Today's hardware landscape
Very few things can be said about the state of leading-edge technologies of today that was true a decade ago, except maybe for one. To stay in the business of technology, in addition to walking on water, you have to keep packing more into less. By that, I mean you have to offer more ports within that same footprint, put that whole shelf in one pizza box, and squeeze a full cabinet's worth of hardware into a pair of slots.
But there are serious side effects to this practice, the least of which is deciding what to do about cooling. You may have heard the saying: "Once it smokes, strap a fan on!" But before you do, consider that the success of your product in the field will depend on the degree to which your approach contradicts that infamous adage. So, let's examine the situation in more detail.
This lasting drive to miniaturize is playing out at every level of the design. Devices have to deliver greater functionality within a higher density, lower profile package. Boards have to accommodate a larger number of components, and be subjected to finer spacing rules. Shelves have to house more boards that are slotted at a lower pitch. Frames have to pack it all within a smaller footprint. Let's face it; everything is getting squeezed. And it can't be all that cool!
From a thermal management perspective, there is a significant price to pay for this increase in functionality. To get some sense of the real story, take a look at the heat flux in your equipment. Only a few years ago, packing 10-30 (Kw/m2) into electronic equipment was unheard of. But we are talking about reaching levels twice that high in a couple of years. Device operating frequency and gate count are also increasing in a compounded fashion. And where these factors lead, the power dissipation follows. Pretty soon we will all be specifying a good number of 2.4 GHz, 160 W processors for our low speed board! But before we do, lets talk thermal.

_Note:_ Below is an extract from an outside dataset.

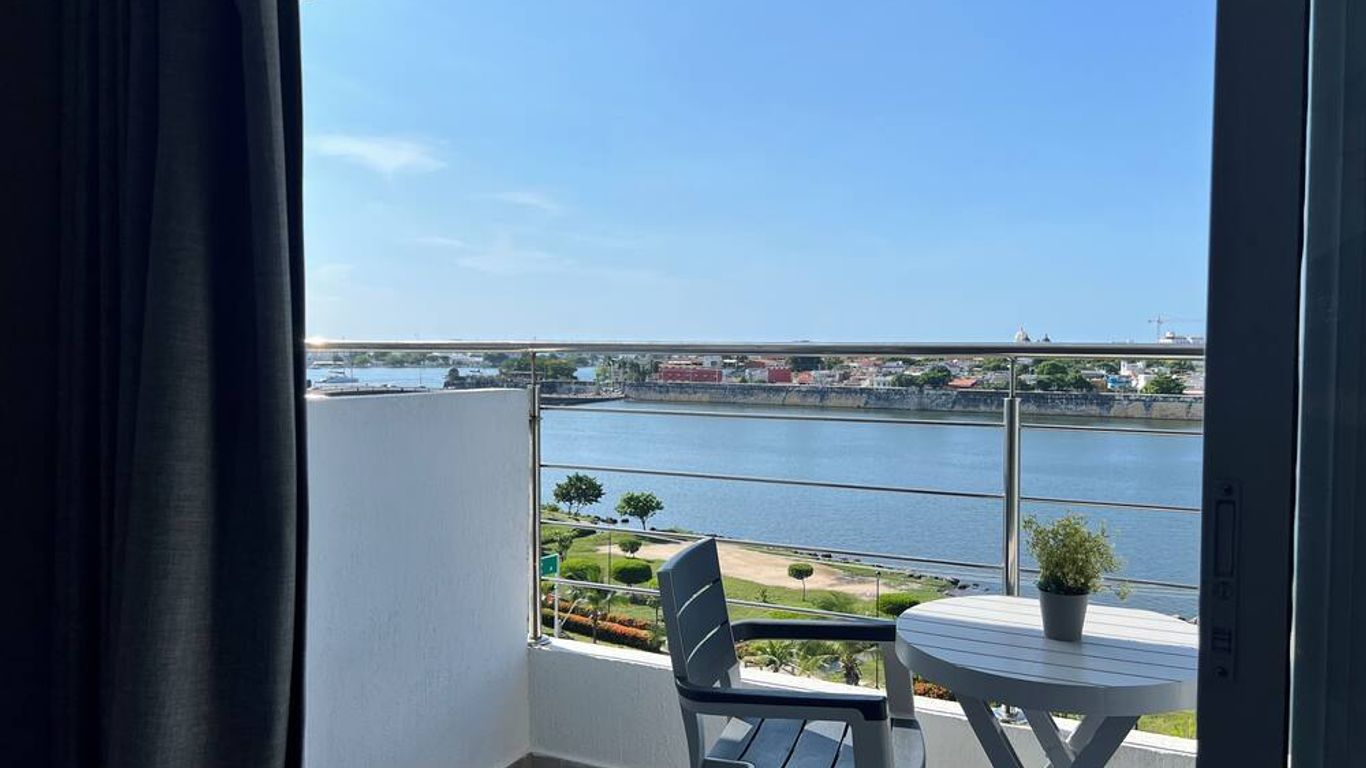 Bahia 79 Apartasuites Cerca al Centro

General factors in thermal management
When it comes to thermal management, the science is very straightforward and can easily become second nature to most designers. But the process of thermal design may not be as intuitive. Since we want to change that, let's examine a handful of key factors:
- Time-to-market considerations
- Equipment reliability objectives
- Equipment thermal environment and temperature limits
- Thermal design approach and methodology
- Methods of cooling & related constraints
Impact on time To market
In the good old technology boom days, we learned that "Time-To-Market" was the key to a new product's success. The question to ask is simply: "Who wants to be second to market, and who is willing to accept lower market share as the consequence?" Not us! So, it is best to avoid last minute problems -- such as the one that kept one of our customers from shipping $20M worth of product until we helped them resolve a simple thermal problem (Figure 1).

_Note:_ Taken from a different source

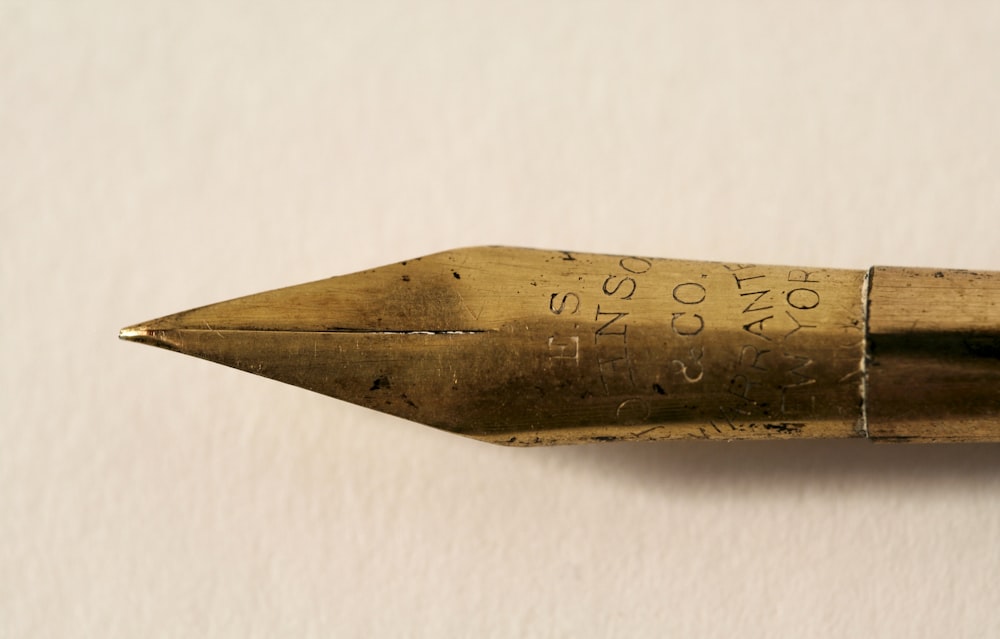 foto ravvicinata della penna stilografica d'oro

Figure 1. The dense packaging led to inadequate airflow, causing test failures that prevented beta shipments. An ultra low profile heat sink (right) was added, and fan placement was optimized to reduce worst-case temperature by 18 oC, thus eliminating test failures. Shipment to customers was however delayed by thirty days.
From a thermal management perspective, avoiding problems early is the critical way we contribute to the overall health of the project. We should all know by now that the cost to correct problems grows asymptotically as the design matures. To do a board re-spin or a card rack layout change beyond the beta stage will set you back by astronomical sums. The best place to catch problems is to avoid them in the concept stage, where they cost pennies to fix. But believe me, some still wait until much later in the process before they do their thermal homework. Just remember that the cost of failing the inevitable thermal test will bite much harder than the few hundred dollars it costs to do the analysis up front.
Impact on reliability
Very few of us operate without competition nowadays. And the real impact of product failure is felt when the next set of big orders go to the competitor who is doing a better job designing reliable systems. For larger systems, getting your product through the "Customer Evaluation" hurdle, where reliability and functionality get evaluated, is a prerequisite to your success. Any failures, especially during this critical period, will give new meaning to the phrase "getting egg on your face!" So let's revisit what temperature acceleration can do to your system from a reliability perspective.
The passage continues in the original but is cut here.